_What you should do_. Below are records with pictures; copy word for word only the lines between the line with "Caja de Almacenamiento de" and the line with "Bathroom Colour Schemes Tropical", inclusive, and drop the pictures.

_Records shown_.
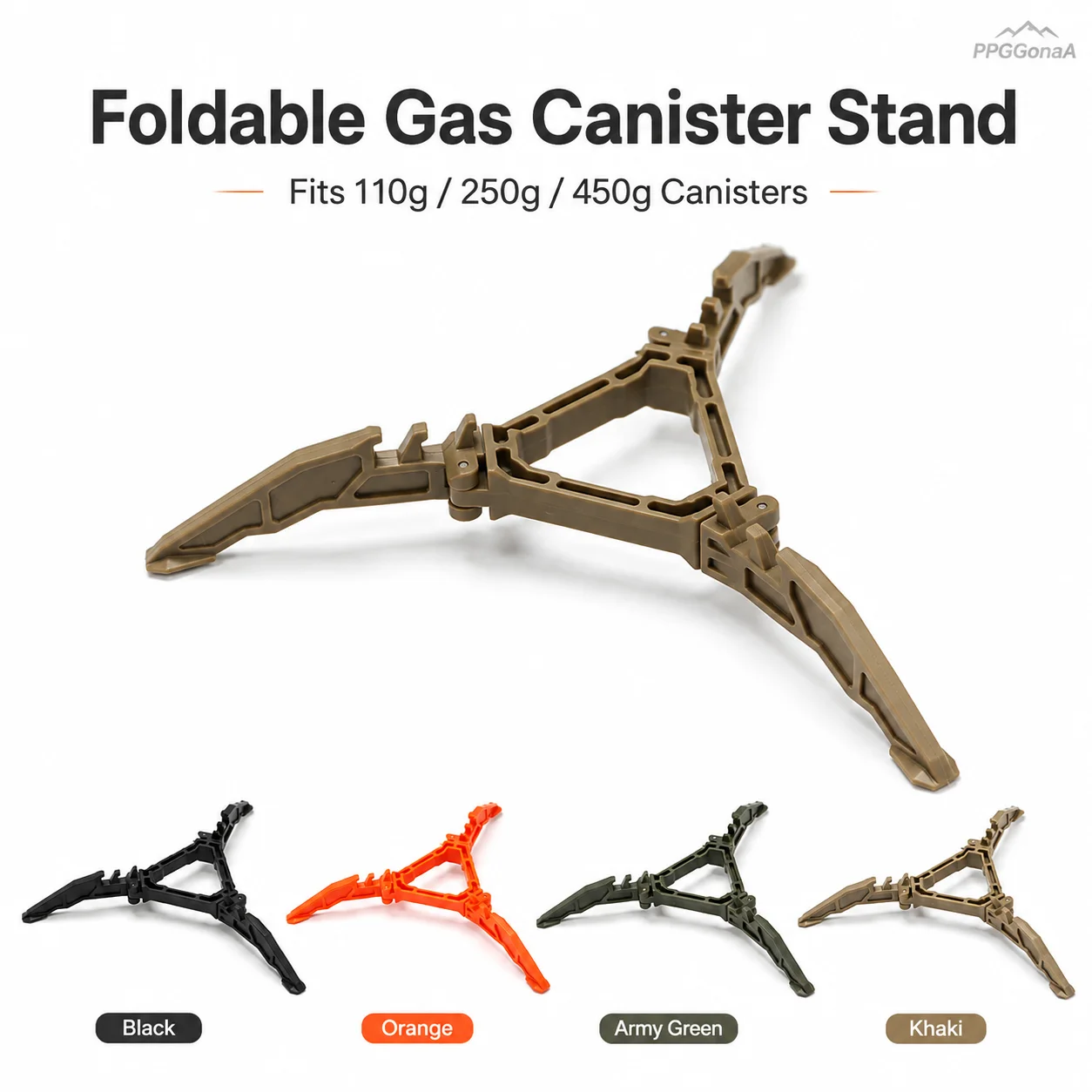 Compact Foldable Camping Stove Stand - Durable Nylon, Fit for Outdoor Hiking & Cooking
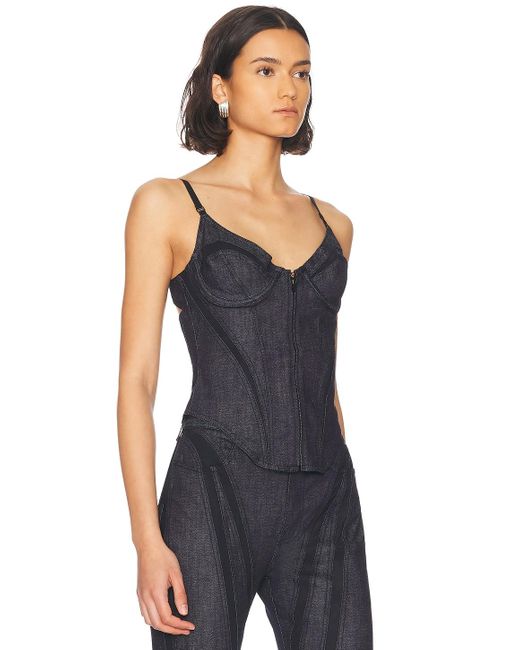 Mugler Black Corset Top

...

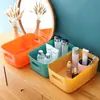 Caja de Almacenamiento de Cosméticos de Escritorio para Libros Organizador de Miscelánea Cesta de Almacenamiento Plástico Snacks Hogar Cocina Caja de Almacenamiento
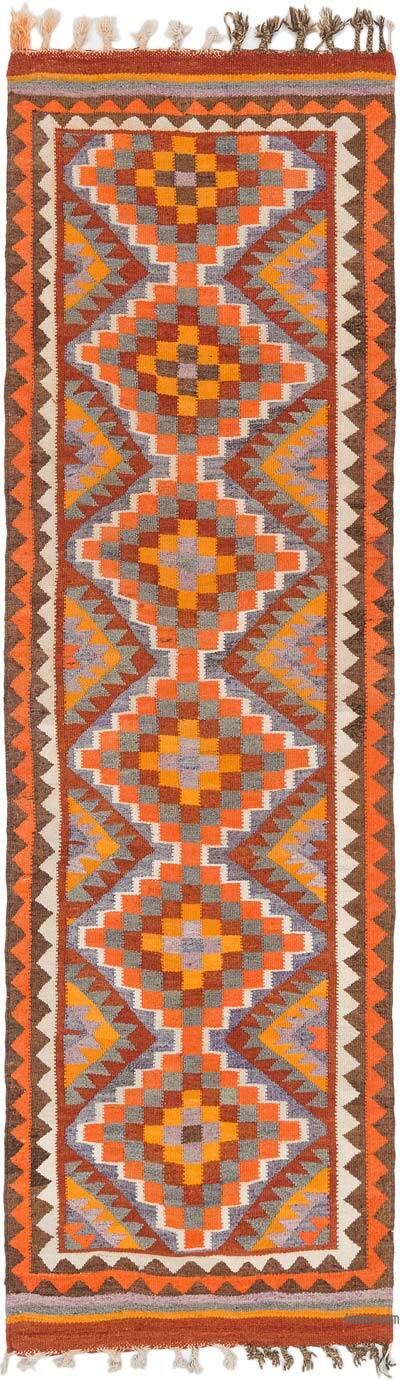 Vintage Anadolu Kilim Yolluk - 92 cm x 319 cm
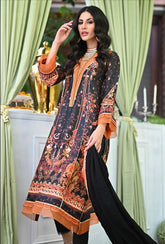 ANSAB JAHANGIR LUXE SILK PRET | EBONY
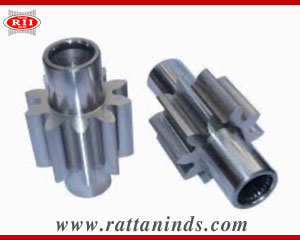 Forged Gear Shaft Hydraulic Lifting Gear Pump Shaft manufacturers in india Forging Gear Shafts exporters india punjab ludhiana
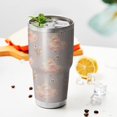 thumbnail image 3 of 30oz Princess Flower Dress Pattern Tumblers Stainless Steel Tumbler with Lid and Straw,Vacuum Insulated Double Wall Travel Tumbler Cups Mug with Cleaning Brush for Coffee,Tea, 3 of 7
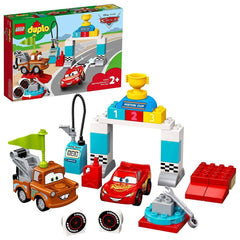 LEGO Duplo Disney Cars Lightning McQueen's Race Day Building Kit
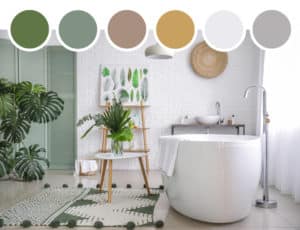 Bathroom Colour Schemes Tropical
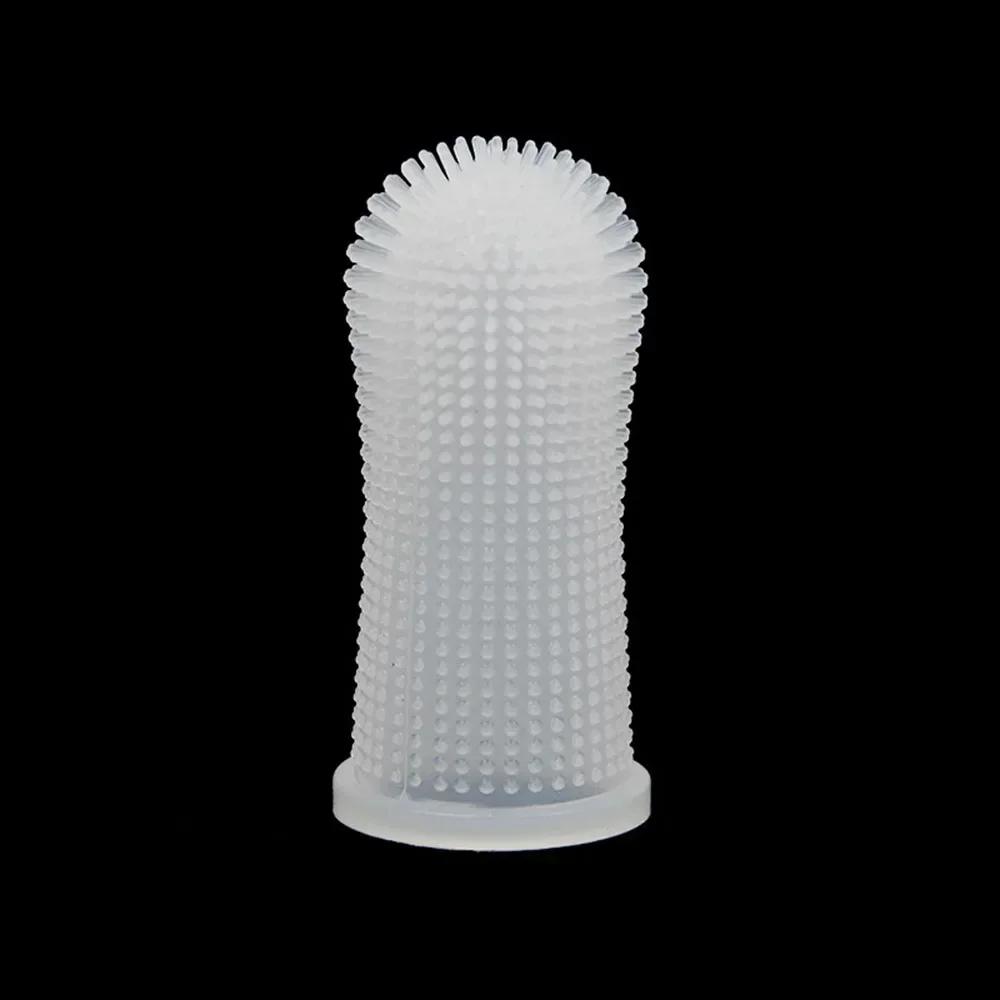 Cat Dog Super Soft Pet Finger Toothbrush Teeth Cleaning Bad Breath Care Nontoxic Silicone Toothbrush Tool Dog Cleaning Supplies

_Exercise output_.
 Caja de Almacenamiento de Cosméticos de Escritorio para Libros Organizador de Miscelánea Cesta de Almacenamiento Plástico Snacks Hogar Cocina Caja de Almacenamiento
 Vintage Anadolu Kilim Yolluk - 92 cm x 319 cm
 ANSAB JAHANGIR LUXE SILK PRET | EBONY
 Forged Gear Shaft Hydraulic Lifting Gear Pump Shaft manufacturers in india Forging Gear Shafts exporters india punjab ludhiana
 thumbnail image 3 of 30oz Princess Flower Dress Pattern Tumblers Stainless Steel Tumbler with Lid and Straw,Vacuum Insulated Double Wall Travel Tumbler Cups Mug with Cleaning Brush for Coffee,Tea, 3 of 7
 LEGO Duplo Disney Cars Lightning McQueen's Race Day Building Kit
 Bathroom Colour Schemes Tropical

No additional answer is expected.